David Rios Ferreira merges historical etchings, 1930s political cartoons and children’s coloring books to produce eerily alluring abstract drawings and sculptures. Clusters of lines and layers of color dominate space creating dense hybrid forms. Familiar characters like Astro Boy, Pinocchio and Peter Pan are deconstructed and reconstituted to become temporal beings and repositories for personal and political histories.

This meditation on the past stems from Ferreira’s family history and his identity as a mainland Puerto Rican. There is his reflection on deculturalization practices conducted by the U.S. on children in Puerto Rico in the 1950s—strategies Ferreira’s parents remember as nursery rhymes and school pledges. Then there is the behavior exhibited by his nephews on the Autism Spectrum—of borrowing lines from cartoons in order to communicate.
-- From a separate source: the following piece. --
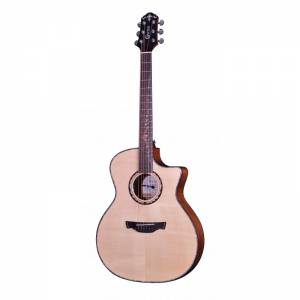 Chitarra acustica elettrificata CRAFTER SR G-MAHO CE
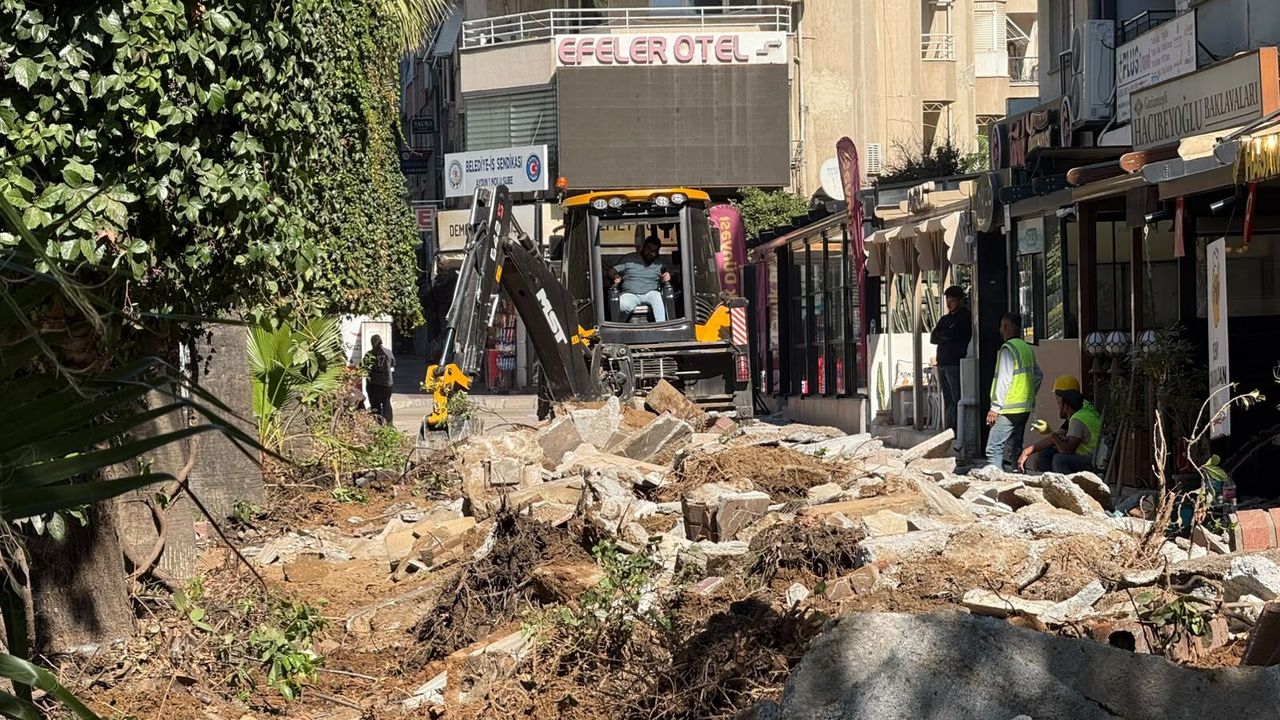 Aydın’da 124 milyon liralık bulvar yatırımı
Their interest in animated films goes beyond childish obsession and becomes their source for language.

As his nephews remix existing material to navigate their world, Ferreira is drawn to comparable practices in carnival costumes and masks found in the Caribbean and West Africa. New identities are constructed from recycled fragments. Everyday objects become ingredients for structures of power, spiritual tradition, and tools for addressing social and political issues.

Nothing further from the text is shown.